TURSHiA: You are comparing two very different games with different game mechanics. Pillars of Eternity is a party-based RPG, which relies on possitioning, tactics and class-speciffic roles, while The Witcher is a single PC (playable character, not personal computer) game. In my oppinion the most comparable game is Gothic (and its sequel).
It doesn't really matter tho, both Pillars and Witcher ask you to master certain kind of combat system, and I believe that it's quite simply wrong that an opponent four levels higher than you should be able to one-shot you. Then again, I'm coming from a position of a guy who'd welcome for the progression system to be removed from the game altogether - in other words, either do it properly or don't do it at all.
Remove levels, Geralt can't really level-up from where he is at that point anyway. Remove equipment, just leave some scavenger hunts and allow player find stuff with massively different properties that way, including swords which behave somewhat differently. Personally, due to the way progression is designed, it doesn't really give me a particularily good feeling anyway - so just get rid of it and use resources that you used on it to polish up the combat system and give us proper difficutly curve.

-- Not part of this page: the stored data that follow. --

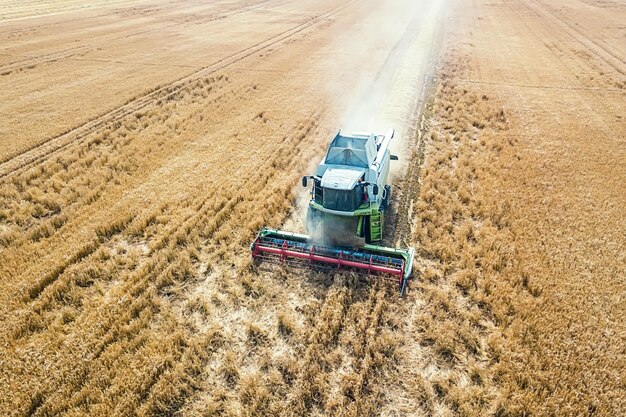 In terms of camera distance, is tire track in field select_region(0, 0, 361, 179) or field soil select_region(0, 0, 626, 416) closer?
field soil select_region(0, 0, 626, 416)

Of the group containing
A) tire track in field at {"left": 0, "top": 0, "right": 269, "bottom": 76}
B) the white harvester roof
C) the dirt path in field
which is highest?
tire track in field at {"left": 0, "top": 0, "right": 269, "bottom": 76}

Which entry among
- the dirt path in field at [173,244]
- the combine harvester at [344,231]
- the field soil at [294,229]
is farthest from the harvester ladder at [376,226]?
the dirt path in field at [173,244]

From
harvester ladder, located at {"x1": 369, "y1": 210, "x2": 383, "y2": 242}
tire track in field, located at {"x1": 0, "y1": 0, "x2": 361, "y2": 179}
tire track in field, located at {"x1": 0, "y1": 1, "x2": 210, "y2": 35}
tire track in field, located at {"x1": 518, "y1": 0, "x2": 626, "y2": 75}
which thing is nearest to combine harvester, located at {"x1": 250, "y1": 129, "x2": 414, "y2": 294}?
harvester ladder, located at {"x1": 369, "y1": 210, "x2": 383, "y2": 242}

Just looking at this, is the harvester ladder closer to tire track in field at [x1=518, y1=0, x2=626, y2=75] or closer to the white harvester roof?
the white harvester roof

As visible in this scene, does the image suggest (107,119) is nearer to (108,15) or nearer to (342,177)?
(342,177)

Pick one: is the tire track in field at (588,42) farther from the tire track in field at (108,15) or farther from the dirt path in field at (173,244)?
the tire track in field at (108,15)

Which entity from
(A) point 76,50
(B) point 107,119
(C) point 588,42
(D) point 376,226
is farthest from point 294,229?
(C) point 588,42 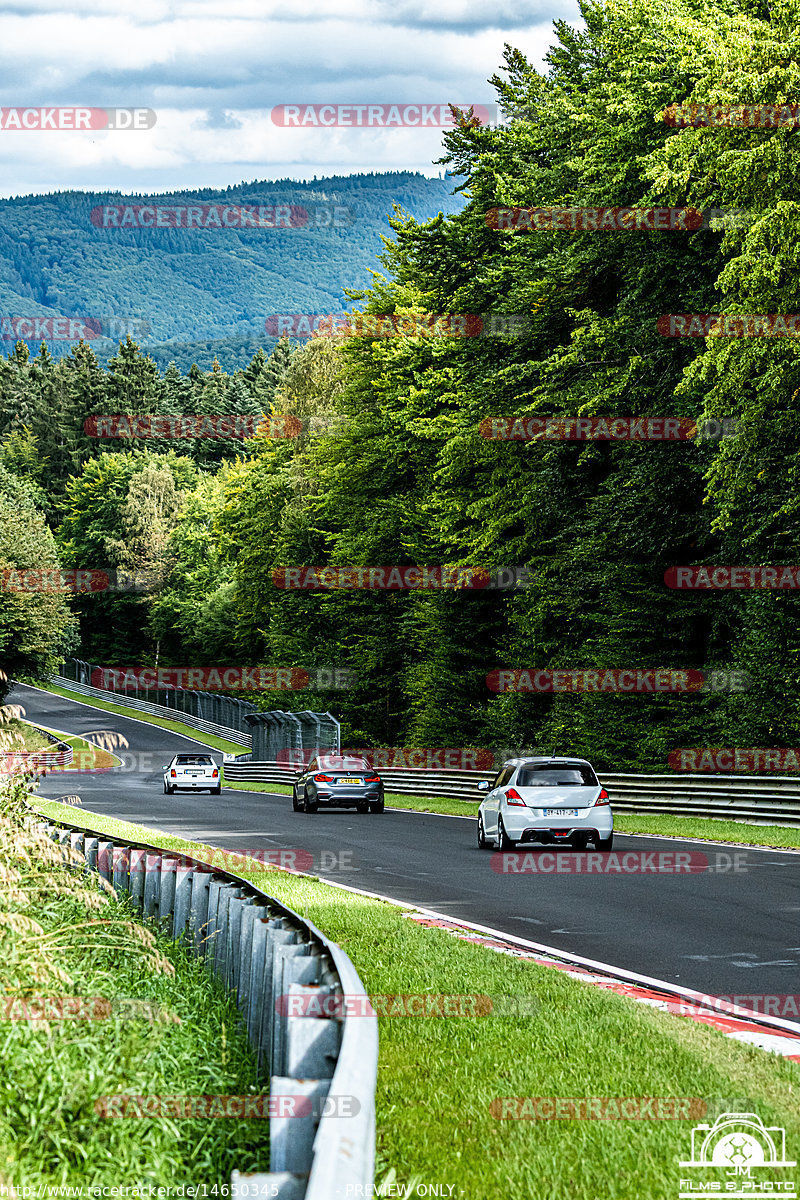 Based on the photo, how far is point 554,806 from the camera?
69.7 ft

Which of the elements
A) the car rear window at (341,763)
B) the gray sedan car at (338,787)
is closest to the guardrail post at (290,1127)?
the gray sedan car at (338,787)

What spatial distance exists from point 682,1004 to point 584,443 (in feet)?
102

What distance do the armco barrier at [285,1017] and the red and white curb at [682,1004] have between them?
2495 millimetres

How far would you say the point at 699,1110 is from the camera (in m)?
6.13

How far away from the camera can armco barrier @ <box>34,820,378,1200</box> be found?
13.1ft

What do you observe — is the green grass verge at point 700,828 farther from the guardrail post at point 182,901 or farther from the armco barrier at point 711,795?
the guardrail post at point 182,901

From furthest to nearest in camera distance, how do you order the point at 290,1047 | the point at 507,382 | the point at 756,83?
the point at 507,382, the point at 756,83, the point at 290,1047

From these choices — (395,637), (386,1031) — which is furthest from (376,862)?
(395,637)

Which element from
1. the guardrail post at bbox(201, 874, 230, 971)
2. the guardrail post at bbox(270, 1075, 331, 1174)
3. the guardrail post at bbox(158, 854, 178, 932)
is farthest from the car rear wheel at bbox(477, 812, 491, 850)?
the guardrail post at bbox(270, 1075, 331, 1174)

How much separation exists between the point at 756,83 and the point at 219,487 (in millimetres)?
91817

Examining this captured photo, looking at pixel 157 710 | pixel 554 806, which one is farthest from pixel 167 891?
pixel 157 710

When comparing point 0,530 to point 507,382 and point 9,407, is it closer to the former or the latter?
point 507,382

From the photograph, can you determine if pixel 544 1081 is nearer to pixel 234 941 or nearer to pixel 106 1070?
pixel 106 1070

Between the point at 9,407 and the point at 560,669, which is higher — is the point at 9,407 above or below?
above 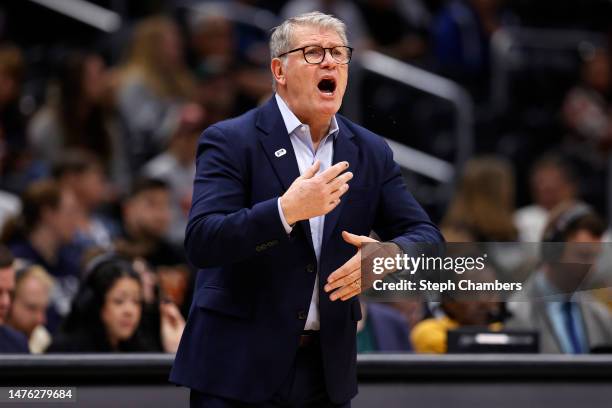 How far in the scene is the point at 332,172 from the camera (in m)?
3.01

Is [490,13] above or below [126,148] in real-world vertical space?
above

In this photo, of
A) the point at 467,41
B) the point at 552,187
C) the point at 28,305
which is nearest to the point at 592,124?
the point at 467,41

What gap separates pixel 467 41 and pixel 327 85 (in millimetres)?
6960

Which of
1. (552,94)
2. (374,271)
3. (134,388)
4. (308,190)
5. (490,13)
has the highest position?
(490,13)

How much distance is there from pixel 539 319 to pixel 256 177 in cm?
187

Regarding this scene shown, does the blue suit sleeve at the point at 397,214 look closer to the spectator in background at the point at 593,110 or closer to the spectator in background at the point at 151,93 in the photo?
the spectator in background at the point at 151,93

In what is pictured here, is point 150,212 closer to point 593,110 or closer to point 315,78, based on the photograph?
point 315,78

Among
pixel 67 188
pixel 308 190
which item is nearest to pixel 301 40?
pixel 308 190

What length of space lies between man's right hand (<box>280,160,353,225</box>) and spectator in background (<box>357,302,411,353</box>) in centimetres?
208

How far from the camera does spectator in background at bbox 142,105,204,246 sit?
7.43m

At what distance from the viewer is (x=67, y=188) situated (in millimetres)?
7066

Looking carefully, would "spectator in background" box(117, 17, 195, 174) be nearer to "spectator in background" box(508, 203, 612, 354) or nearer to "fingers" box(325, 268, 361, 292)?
"spectator in background" box(508, 203, 612, 354)

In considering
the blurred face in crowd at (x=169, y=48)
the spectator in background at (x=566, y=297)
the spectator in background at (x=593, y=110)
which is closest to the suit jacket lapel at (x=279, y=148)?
the spectator in background at (x=566, y=297)

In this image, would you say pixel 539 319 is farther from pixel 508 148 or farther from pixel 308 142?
pixel 508 148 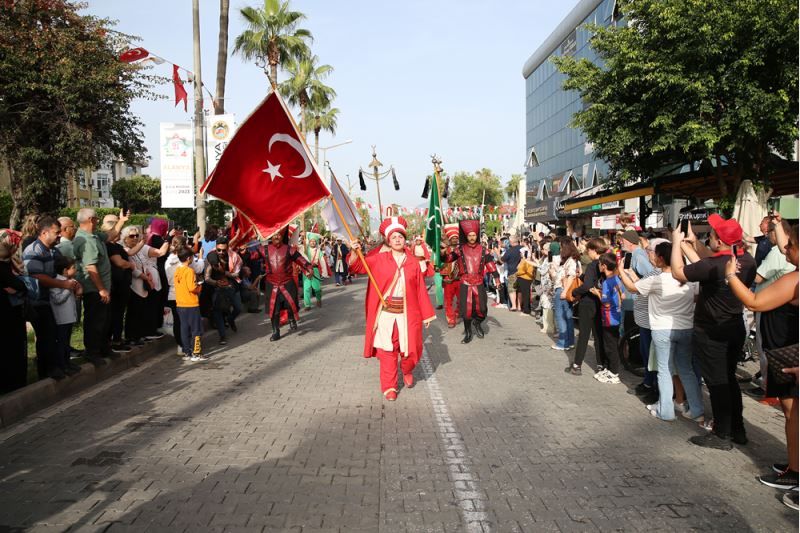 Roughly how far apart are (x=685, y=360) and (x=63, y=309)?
20.1 ft

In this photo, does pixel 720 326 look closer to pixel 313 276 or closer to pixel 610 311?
pixel 610 311

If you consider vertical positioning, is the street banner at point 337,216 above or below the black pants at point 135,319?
above

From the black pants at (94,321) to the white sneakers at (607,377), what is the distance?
586cm

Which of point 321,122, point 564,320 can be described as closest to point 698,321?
point 564,320

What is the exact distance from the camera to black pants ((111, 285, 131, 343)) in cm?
805

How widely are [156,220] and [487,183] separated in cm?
9512

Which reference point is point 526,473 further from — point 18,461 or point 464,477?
point 18,461

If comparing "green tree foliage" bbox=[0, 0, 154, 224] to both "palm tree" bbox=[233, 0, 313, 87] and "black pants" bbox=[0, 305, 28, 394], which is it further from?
"black pants" bbox=[0, 305, 28, 394]

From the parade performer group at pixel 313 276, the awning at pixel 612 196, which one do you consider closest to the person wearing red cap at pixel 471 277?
the parade performer group at pixel 313 276

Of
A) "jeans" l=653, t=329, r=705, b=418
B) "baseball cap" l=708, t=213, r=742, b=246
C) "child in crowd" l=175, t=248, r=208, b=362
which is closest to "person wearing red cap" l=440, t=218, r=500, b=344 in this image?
"child in crowd" l=175, t=248, r=208, b=362

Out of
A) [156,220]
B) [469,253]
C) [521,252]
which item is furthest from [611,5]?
[156,220]

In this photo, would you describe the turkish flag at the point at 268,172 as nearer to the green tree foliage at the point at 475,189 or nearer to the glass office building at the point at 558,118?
the glass office building at the point at 558,118

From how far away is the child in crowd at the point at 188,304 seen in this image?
8.41 metres

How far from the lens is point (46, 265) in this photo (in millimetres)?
6262
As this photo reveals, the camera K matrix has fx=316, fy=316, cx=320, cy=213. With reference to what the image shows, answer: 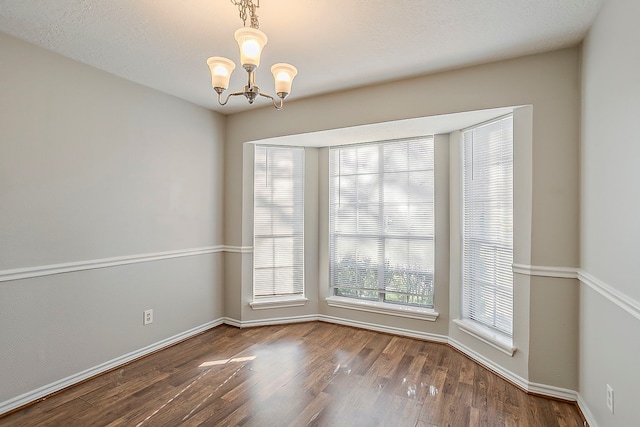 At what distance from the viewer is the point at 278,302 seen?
3.87 meters

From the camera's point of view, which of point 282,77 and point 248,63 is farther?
point 282,77

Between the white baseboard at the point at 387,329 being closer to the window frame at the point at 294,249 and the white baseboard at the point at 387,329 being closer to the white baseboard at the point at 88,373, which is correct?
the window frame at the point at 294,249

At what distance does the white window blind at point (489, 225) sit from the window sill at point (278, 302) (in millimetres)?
1882

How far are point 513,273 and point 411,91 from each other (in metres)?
1.78

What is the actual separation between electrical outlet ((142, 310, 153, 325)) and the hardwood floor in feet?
1.08

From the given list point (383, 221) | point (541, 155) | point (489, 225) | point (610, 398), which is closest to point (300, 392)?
point (610, 398)

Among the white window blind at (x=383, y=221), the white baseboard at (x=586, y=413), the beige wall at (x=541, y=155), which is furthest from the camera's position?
the white window blind at (x=383, y=221)

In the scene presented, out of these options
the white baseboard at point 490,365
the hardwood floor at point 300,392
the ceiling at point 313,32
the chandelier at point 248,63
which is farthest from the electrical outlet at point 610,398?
the chandelier at point 248,63

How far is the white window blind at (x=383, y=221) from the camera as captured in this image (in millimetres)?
3455

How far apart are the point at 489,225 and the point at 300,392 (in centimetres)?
215

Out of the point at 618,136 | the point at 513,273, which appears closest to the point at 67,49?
the point at 618,136

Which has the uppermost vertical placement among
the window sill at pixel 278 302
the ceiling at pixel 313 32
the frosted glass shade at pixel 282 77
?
the ceiling at pixel 313 32

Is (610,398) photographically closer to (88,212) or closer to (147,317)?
(147,317)

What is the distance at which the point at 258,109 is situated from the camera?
146 inches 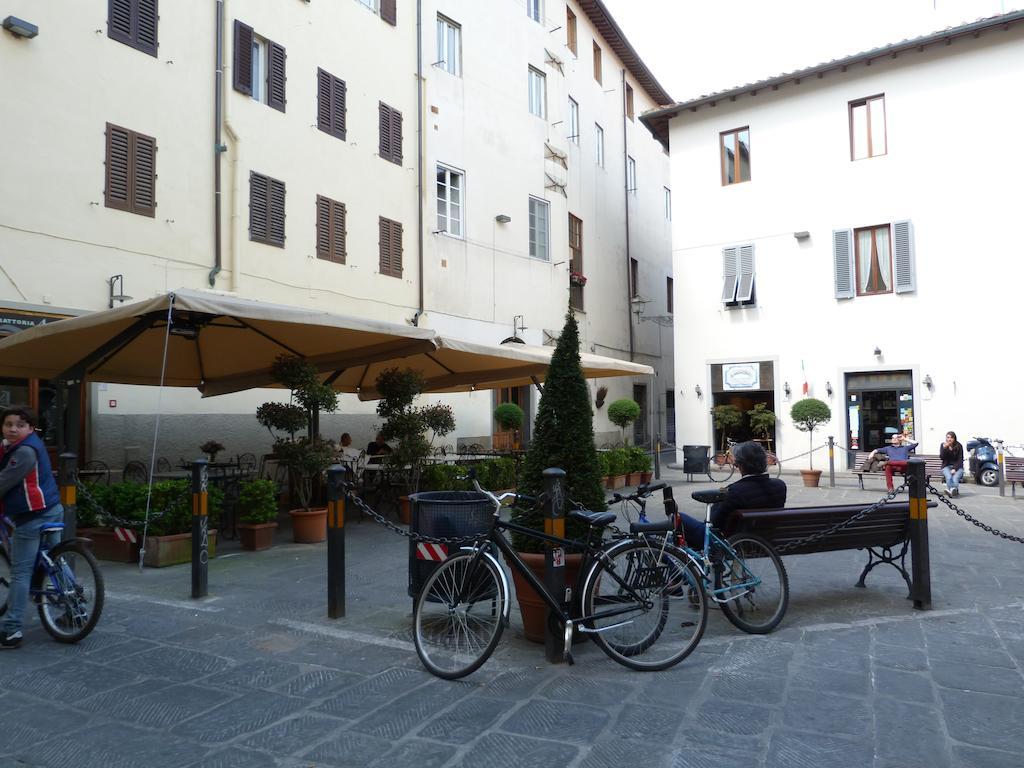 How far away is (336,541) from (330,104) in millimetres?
12173

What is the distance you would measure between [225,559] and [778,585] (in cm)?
529

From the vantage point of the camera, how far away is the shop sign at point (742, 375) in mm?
20438

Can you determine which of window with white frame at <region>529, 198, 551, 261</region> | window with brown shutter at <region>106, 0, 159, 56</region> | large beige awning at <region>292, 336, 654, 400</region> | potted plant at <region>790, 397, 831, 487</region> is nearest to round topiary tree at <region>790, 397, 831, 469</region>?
potted plant at <region>790, 397, 831, 487</region>

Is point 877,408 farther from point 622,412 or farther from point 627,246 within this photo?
point 627,246

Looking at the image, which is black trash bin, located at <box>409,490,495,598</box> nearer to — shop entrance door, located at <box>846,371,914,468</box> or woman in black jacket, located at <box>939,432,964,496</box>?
woman in black jacket, located at <box>939,432,964,496</box>

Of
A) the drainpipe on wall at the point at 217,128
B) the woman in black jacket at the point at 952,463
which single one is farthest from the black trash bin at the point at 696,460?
the drainpipe on wall at the point at 217,128

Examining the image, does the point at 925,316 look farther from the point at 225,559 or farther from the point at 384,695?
the point at 384,695

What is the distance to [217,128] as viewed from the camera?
13.0m

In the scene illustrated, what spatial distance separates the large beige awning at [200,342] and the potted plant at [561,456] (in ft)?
11.5

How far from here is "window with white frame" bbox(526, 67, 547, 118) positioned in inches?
861

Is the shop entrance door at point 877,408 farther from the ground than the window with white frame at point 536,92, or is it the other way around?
the window with white frame at point 536,92

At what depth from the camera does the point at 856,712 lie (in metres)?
3.71

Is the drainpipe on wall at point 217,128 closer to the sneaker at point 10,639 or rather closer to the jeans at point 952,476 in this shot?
the sneaker at point 10,639

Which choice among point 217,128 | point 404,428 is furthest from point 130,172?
point 404,428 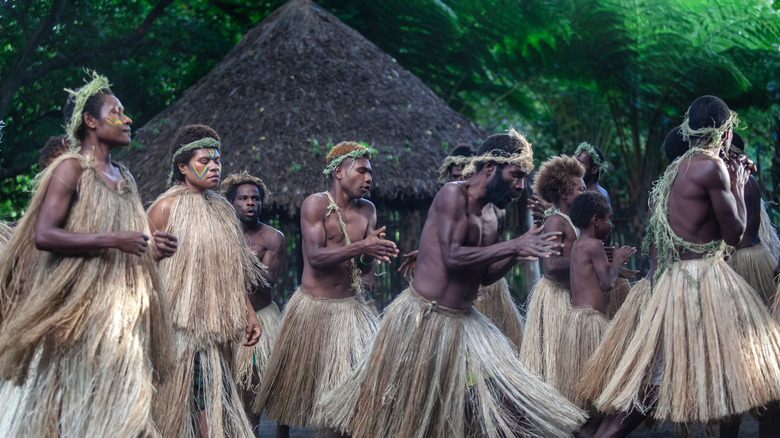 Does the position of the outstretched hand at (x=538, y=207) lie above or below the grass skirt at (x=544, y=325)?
above

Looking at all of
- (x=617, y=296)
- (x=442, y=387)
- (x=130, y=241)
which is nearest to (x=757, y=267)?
(x=617, y=296)

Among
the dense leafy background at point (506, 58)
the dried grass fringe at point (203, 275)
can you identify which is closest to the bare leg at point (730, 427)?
the dried grass fringe at point (203, 275)

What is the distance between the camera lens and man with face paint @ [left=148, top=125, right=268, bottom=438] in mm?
4301

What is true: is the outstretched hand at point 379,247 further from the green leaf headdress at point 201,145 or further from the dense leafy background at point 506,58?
the dense leafy background at point 506,58

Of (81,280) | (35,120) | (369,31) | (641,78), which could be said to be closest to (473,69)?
(369,31)

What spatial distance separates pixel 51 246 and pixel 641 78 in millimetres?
10573

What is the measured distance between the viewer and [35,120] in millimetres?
13008

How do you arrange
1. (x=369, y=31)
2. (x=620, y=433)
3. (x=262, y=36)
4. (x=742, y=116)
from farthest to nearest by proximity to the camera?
(x=369, y=31) < (x=742, y=116) < (x=262, y=36) < (x=620, y=433)

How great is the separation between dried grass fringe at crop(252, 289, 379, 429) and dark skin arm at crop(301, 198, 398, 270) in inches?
11.9

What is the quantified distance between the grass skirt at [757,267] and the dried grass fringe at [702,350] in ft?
3.51

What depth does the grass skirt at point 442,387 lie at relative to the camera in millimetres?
3973

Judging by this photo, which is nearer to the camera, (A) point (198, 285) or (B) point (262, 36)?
(A) point (198, 285)

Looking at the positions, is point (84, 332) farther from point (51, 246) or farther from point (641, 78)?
point (641, 78)

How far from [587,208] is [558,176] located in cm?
67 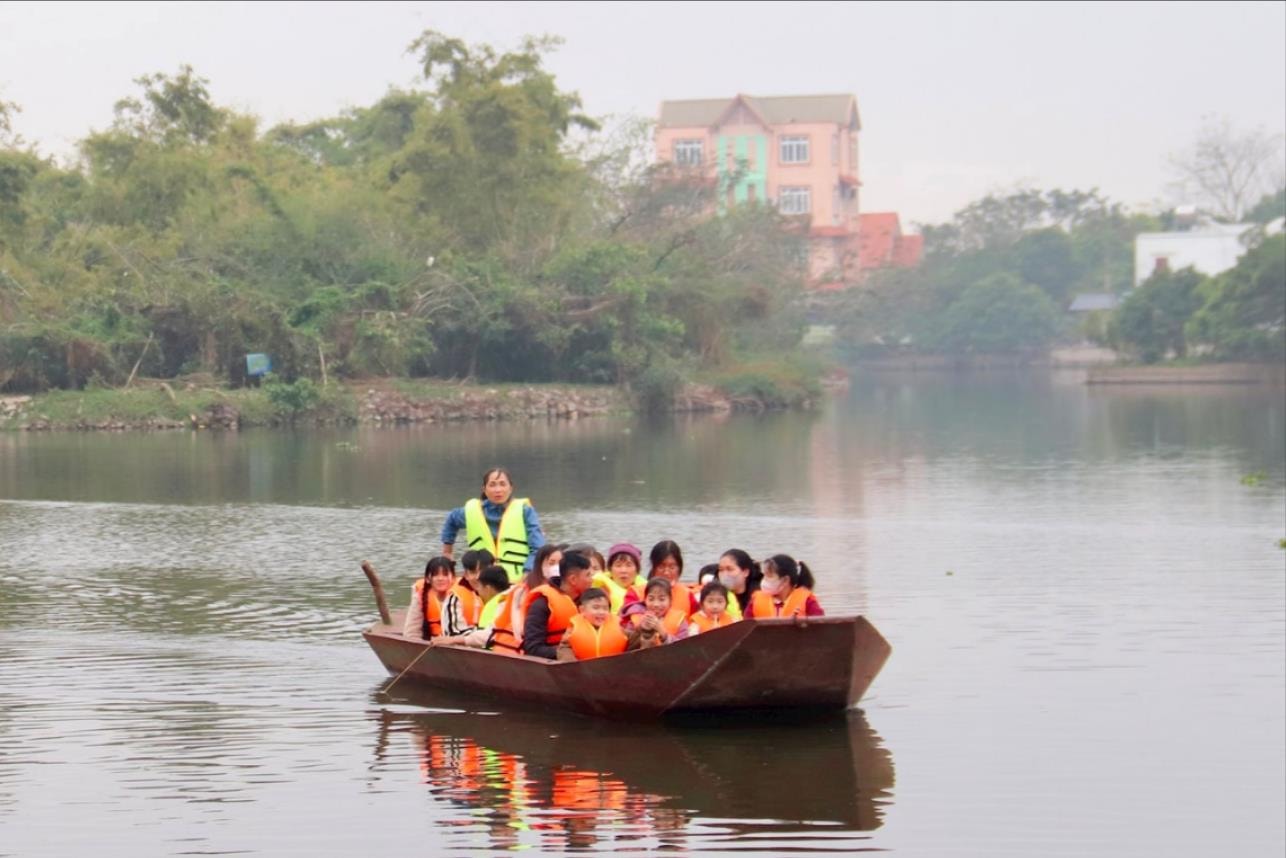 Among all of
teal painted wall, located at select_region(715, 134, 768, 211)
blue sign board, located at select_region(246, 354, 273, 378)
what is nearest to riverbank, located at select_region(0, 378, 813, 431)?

Or okay, do Gothic, whatever. See, thing is, you can't quite have it both ways for your systems to work properly. Gothic did not have fully open world - it had a world which slowly opened up as you were getting stronger and more experienced with the game. At any given point, developers knew roughly about what kind of level/player skill will reach which part of the game, and so they could have designed it around that. Since Witcher 3 offers completely open world, partial level scaling is the way to go at the very least.
Glocon: Haha, you killed me! ;)
Sad thing is that I'm not really making that shit up. Now imagine that there are guys who weild blackjacks 1000x more powerful than other blackjacks. It's incredibly inconsistent.